China’s manufacturing sector in October expanded at its weakest pace in over two years, hurt by slowing domestic and external demand, in a sign of deepening cracks in the economy from an intensifying trade war with the United States.
Anxiety about China’s cooling growth and its likely drag on the global economy have vexed financial markets recently, and Wednesday’s official Purchasing Managers’ Index (PMI) indicates more stress for investors through coming months.
The official PMI – which gives global investors their first look at business conditions in China at the start of the last quarter of the year – fell to 50.2 in October, the lowest since July 2016 and down from 50.8 in September.
It was a touch above the 50-point mark that separates growth from contraction for a 27th straight month, but undershot the 50.6 forecast in a Reuters poll.
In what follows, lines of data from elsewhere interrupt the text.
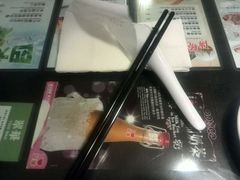 -翠华餐厅(湾仔店)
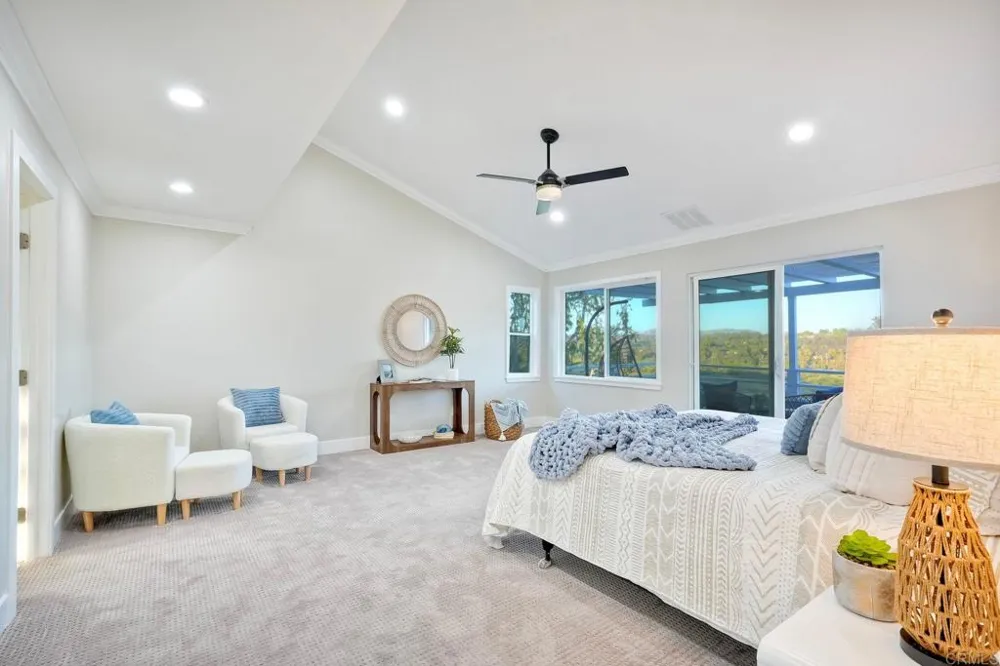 1413 Trabert Ranch Road Encinitas, CA 92024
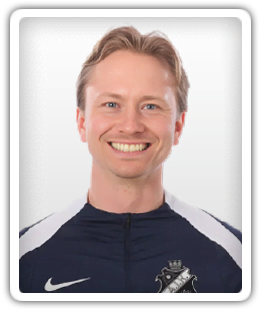 Edvin Wivallius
The latest reading suggests a further loss of momentum in the world’s second-biggest economy, and the deteriorating environment for businesses could prompt more policy support from Beijing on top of a raft of recent initiatives.
“All the numbers from China’s PMI release today confirm a broad-based decline in economic activity,” said Raymond Yeung, chief economist for China at ANZ in a client note, adding that conditions for the private sector is “much worse” than headline data suggested.
“Besides an expected reserve requirement ratio (RRR) cut next January, we expect future supportive policy actions to be measured. The government’s priority is to avoid a financial blow-up.”
New export orders, an indicator of future activity, contracted for a fifth straight month and at the fastest pace in at least a year. The sub-index fell to 46.9 from 48.0 in September.
While China’s exports have been pretty resilient largely as firms front-loaded shipments to dodge stiffer U.S. duties, analysts see pressure building in coming months. The continued slump in export orders may be bearing that scenario out.
October is the first full month after the latest U.S. tariffs went into effect. Washington and Beijing slapped additional tariffs on each other’s goods on Sept. 24, and U.S. President Donald Trump has threatened to hit China with more duties.
If the United States follows through on its promise to increase its tariffs to 25 percent at the turn of the year, exporters will feel more pain.
“The 25 percent tariff rate will be activated in January…maybe the weakening of new export orders in the PMI is a warning sign of what’s to come even though it hasn’t been reflected yet in the hard data,” said Julian Evans-Pritchard, Senior China Economist at Capital Economics.
Global policy makers remain anxious about the wider fallout of the U.S.-led protectionist policies.
Japan on Wednesday reported weak industrial output for September partly as the Sino-U.S. trade dispute weighed on its exports, while South Korea’s factory output for last month shrank the most in over 1-1/2 years.
The China PMI survey also showed the production sub-index fell to 52 in October from 53.0 in September, while a new orders saw a sharp decline to 50.8 from 52.0, in a sign of much weaker domestic demand.
The statistics bureau attributed the slump in October’s manufacturing activity to the impact from a week-long national holiday and the challenging external environment.
More than 70 percent of U.S. firms operating in southern China are considering delaying further investment there and moving some or all of their manufacturing to other countries as the trade war bites into profits, a business survey showed on Monday.
China’s economy grew at its weakest pace since the global financial crisis in the third quarter, as manufacturing output and infrastructure investment slowed. Analysts believe business conditions will get worse before getting better.
Firms are already facing pressure on earnings. A survey over the weekend showed profit growth at the country’s industrial powerhouses cooled for the fifth consecutive month in September on the back of a greater slowdown in production and sales.
China’s manufacturing sector has been squeezed by a reduction in sources of credit amid Beijing’s multi-year crackdown on corporate debt and risky lending practices, with smaller firms especially under strain.
Policymakers have already shifted their priorities to reducing risks to growth. Earlier this month China’s central bank announced the fourth reserve requirement ratio (RRR) cut for this year, and is expected to ease monetary policy further.
It is also stepping up moves to lower financing costs and pledged more support to private firms, a key source of jobs. On the fiscal side the government is stepping up stimulus through infrastructure projects, and has also pledged more tax cuts next year to support growth.
Another sister survey released by the NBS on Wednesday showed growth in China’s vast services industry cooled in October.
However, a sub-index of construction activity improved in an indication that the government’s infrastructure push may be taking hold, analysts say.
All the same, some economists believe Beijing might have to sharply boost stimulus soon.
“Beijing’s policy focus so far has been on containing a credit freeze,” Nomura analysts said.
“If our more cautious views prove to be valid, growth will likely slow to such a worrying pace in spring 2019 that Beijing may have to greatly ramp-up its easing/stimulus measures at that time.”